Author of A Forgotten Ambassador in Cairo: The Life and Times of Syud Hossain, NS Vinodh adds that many books are by non-academics and journalists who write racy copy without compromising on the depth of research, in contrast to the pedantry of an academic. The same holds true for children’s books.

For example, until sometime back nonfiction books for children were like extensions of school textbooks. “Writers now approach the genre creatively, and illustrators add their magic,” reveals children’s author Shruthi Rao.

Dr Devika Rangachari, author of Queen of Earth, concurs. She believes that authors are aware that they will potentially make more money with nonfiction than fiction. “In this age of information overload, books written in engaging prose are more popular,” she says.

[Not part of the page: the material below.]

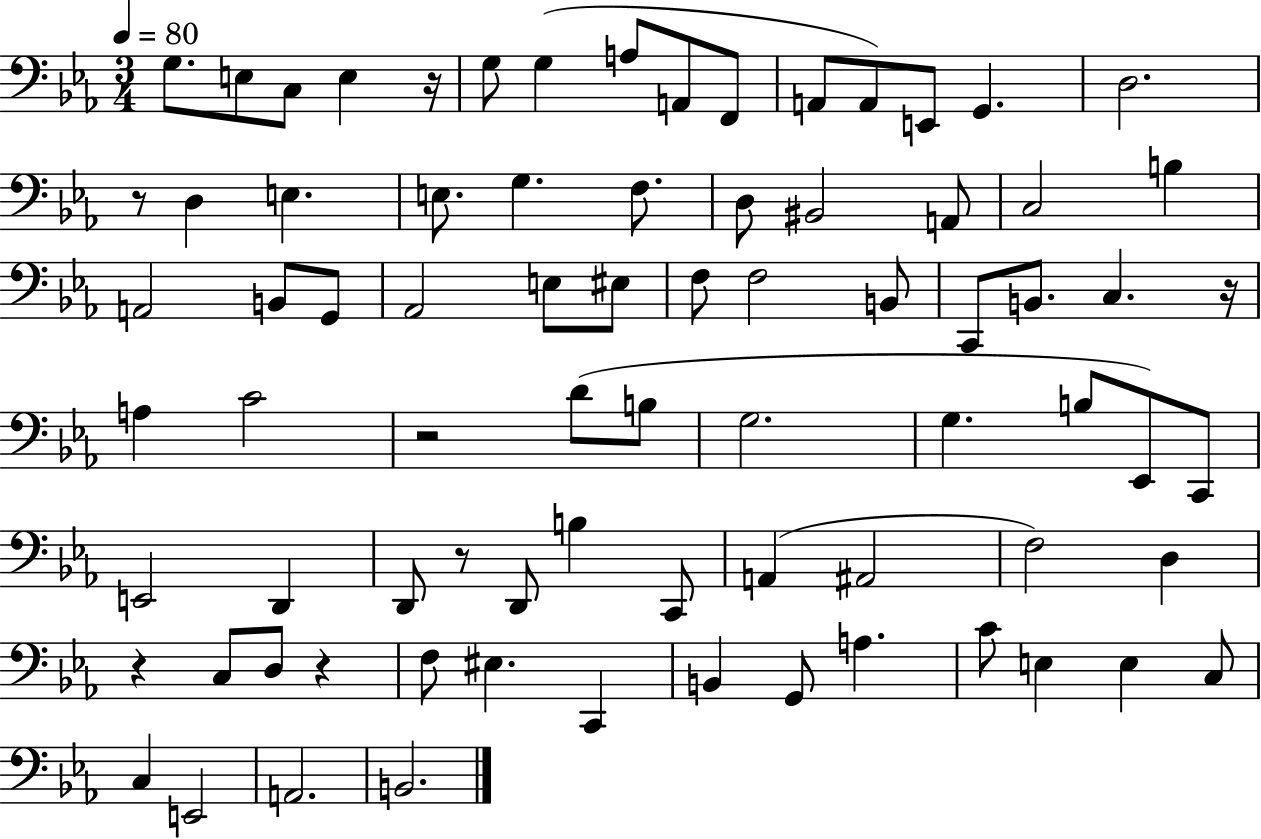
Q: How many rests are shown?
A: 7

Authors are experimenting with subjects that are simultaneously serious and entertaining. The writing style is changing, often with description and dramatisation thrown in.\

Amish adds that many authors are writing narrative nonfiction, which makes for an easier read, and may aid to the expansion of the market. There is no doubt that readers consider nonfiction knowledge-enhancing.

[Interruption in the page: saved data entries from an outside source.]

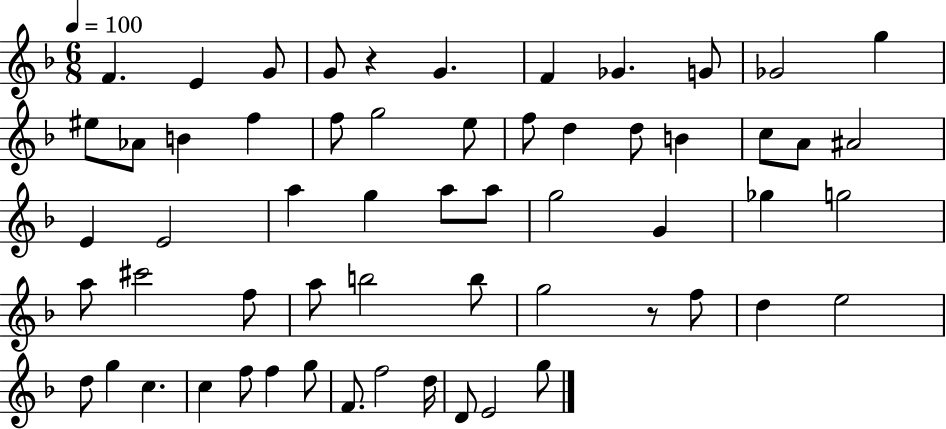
{
  \clef treble
  \numericTimeSignature
  \time 6/8
  \key f \major
  \tempo 4 = 100
  f'4. e'4 g'8 | g'8 r4 g'4. | f'4 ges'4. g'8 | ges'2 g''4 | \break eis''8 aes'8 b'4 f''4 | f''8 g''2 e''8 | f''8 d''4 d''8 b'4 | c''8 a'8 ais'2 | \break e'4 e'2 | a''4 g''4 a''8 a''8 | g''2 g'4 | ges''4 g''2 | \break a''8 cis'''2 f''8 | a''8 b''2 b''8 | g''2 r8 f''8 | d''4 e''2 | \break d''8 g''4 c''4. | c''4 f''8 f''4 g''8 | f'8. f''2 d''16 | d'8 e'2 g''8 | \break \bar "|."
}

Books that deal with weight loss, diets and other ‘how to’ books are always on top. Moreover, real life is often stranger than fiction, and can offer more excitement. Histories and biographies sell well. Celebrity writing by the likes of Twinkle Khanna get wide readership. Priyanka Chopra Jonas made it to the NYT bestseller list.

Here for the Long Run?

Is this newfound fascination with nonfiction temporary? “Sometimes passing phases leave permanent imprints behind,” says Amish. Varma agrees that the trend will consolidate in the years to come. “In a world where so many ideas are contested, often acrimonious, and different viewpoints abound, readers want to find out for themselves where they should stand on issues. Nonfiction books fill that need,” he says. The search to know more never ends for both writers ad readers. Publishers are listening.